The prefrontal cortex is known to be responsible for flexible behavioral adaptation, however, its neural mechanisms on the single-neuron or the local circuit level is yet to be known. We trained macaque monkeys to perform tasks that require quick adaptation of behavior, with reference to value of objects fluctuating on a trial-by-trial basis (Ref 1, 3), or object categories stored in long-term memory and implicit rule that change after random number of trials (Ref 2, 4). Single-unit recording during the performance of these tasks revealed that within the prefrontal cortex such information is explicitly represented in the firing frequency of the individual neurons. Based on those single-unit data, we constructed a dynamical computational model of the prefrontal neural circuit (in preparation). Furthermore, we performed neural interventions by using trains cranial magnetic stimulation (TMS). By suppressing the local neural activity within the prefrontal cortex by applying low-frequency repetitive TMS, flexible behavioral control according to category and rule information was impaired, whereas the trial and error type of learning remained intact (in preparation).

References :
1. Grabenhorst F, Tsutsui KI, Kobayashi S, Schultz W. Primate prefrontal neurons signal economic risk derived from the statistics of recent reward experience. Elife 8: e44838 (2019)
2. Hosokawa T, Honda Y, Yamada M, Romero MDC, Iijima T, Tsutsui KI. Behavioral evidence for the use of functional categories during group reversal task performance in monkeys. Sci Rep. 8: 15878 (2018)
3. Tsutsui KI, Grabenhorst F, Kobayashi S, Schultz W. A dynamic code for economic object valuation in prefrontal cortex neurons. Nat Commun. 7: 12554 (2016)
4. Tsutsui K, Hosokawa T, Yamada M, Iijima T. Representation of Functional Category in the Monkey Prefrontal Cortex and Its Rule-Dependent Use for Behavioral Selection. J Neurosci. 36: 3038-48 (2016)

渡部 喬光
Takamitsu Watanabe
理化学研究所 脳神経科学研究センター
RIKEN Centre for Brian Science


大脳ネットワークと神経活動ダイナミクス,および精神疾患の関連について
Brain connectomes, neural dynamics and psychiatric disorders in human.
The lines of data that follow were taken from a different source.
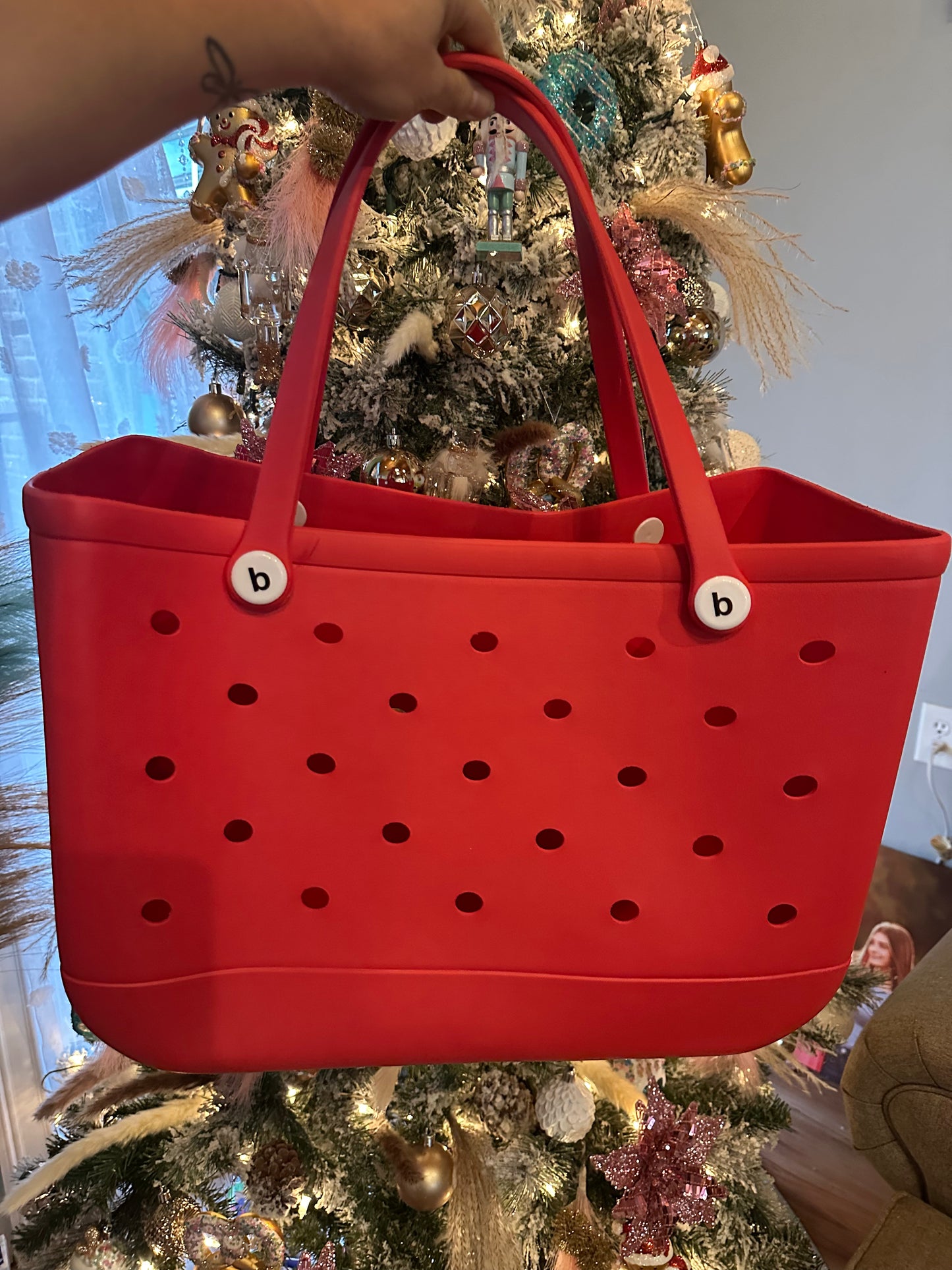 Red Large Tote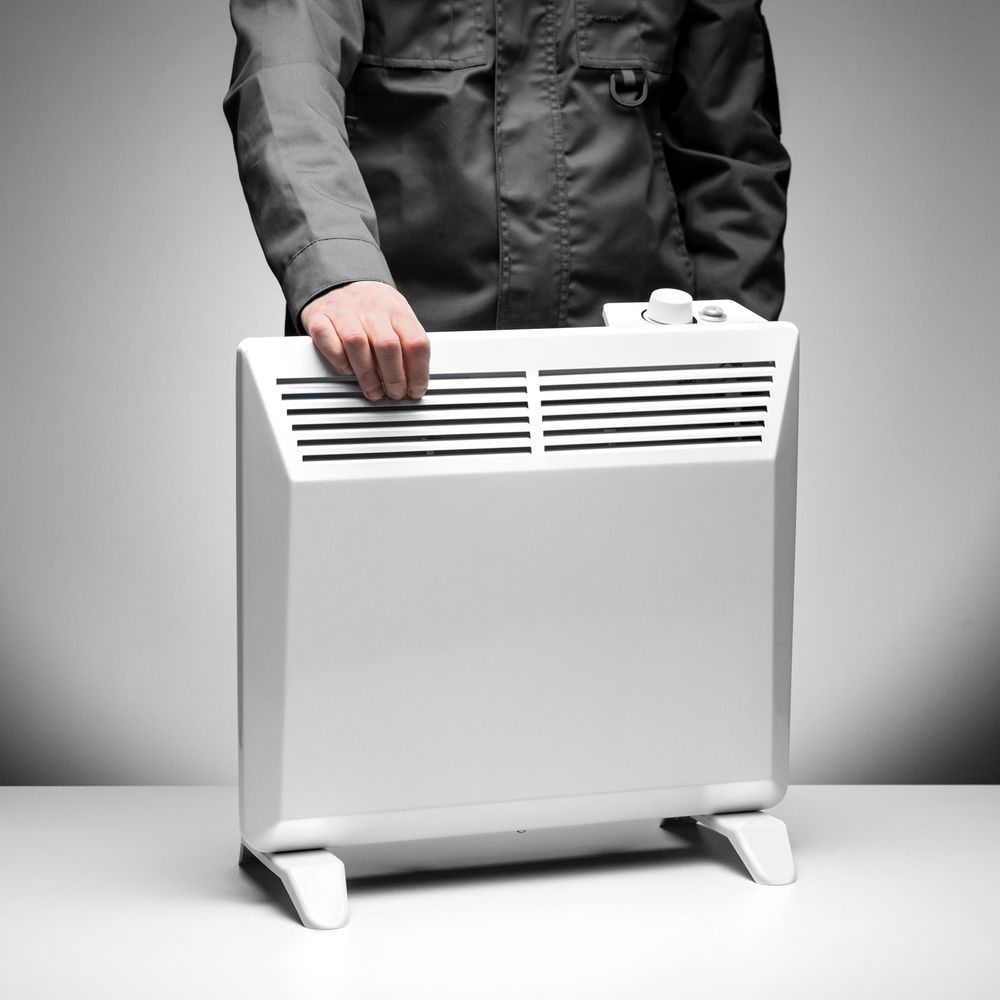 Конвектор электрический XCE-1000, 230 В, 1000 Вт, X-образный нагреватель Denzel, 98115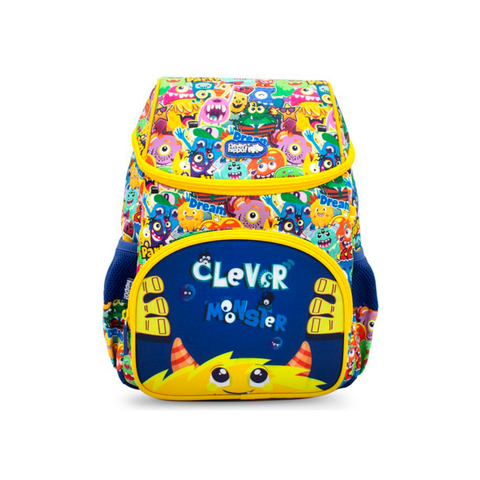 Balo Clever Hippo Hoodie Clever Monster màu vàng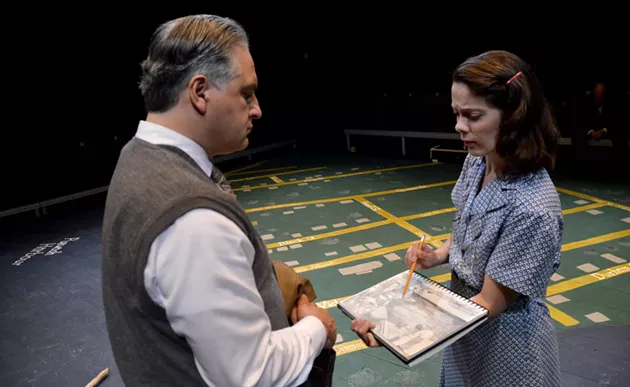 Theo Pitsiavas and Gina Thornhill in Pugwash at Ship's Company Theatre in Parrsboro. - CLARE WAQUE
Human minds are considered to be underpinned by global and local neural dynamics on large-scale brain network structures. Here, I will present associations between these three layers of human brains: cognitions, neural dynamics and brain connectomes. First, I will talk about a data-driven approach to identify transitory global neural dynamics underlying flexible and adaptive human minds. Also, I will demonstrate how local neural dynamics affect complex cognitive and behavioural activities. Next, this talk will present computational findings on how such critical neural dynamics are determined by brain connectomes. Finally, by combining these observations with case studies of psychiatric disorders, I will illustrate a picture of the associations between brain connectome, global/local neural dynamics and typical/atypical human minds. These data-driven approaches and dynamics-based concept are expected to bring novel insights to some overlooked cognitive functions in healthy humans and help us to build more biological and trans-diagnostic computational psychiatry for a wide range of prevalent mental disorders.

References :
1. Watanabe, T., et al. (2019). "A Neuroanatomical Substrate Linking Perceptual Stability to Cognitive Rigidity in Autism." J Neurosci 39(33): 6540-6554.
2. Watanabe, T., et al. (2019). "Atypical intrinsic neural timescale in autism." Elife 8.
3. Watanabe, T. and G. Rees (2017). "Brain network dynamics in high-functioning individuals with autism." Nat Commun 8: 16048.
4. Watanabe, T., et al. (2014). "Energy landscape and dynamics of brain activity during human bistable perception." Nat Commun 5: 4765.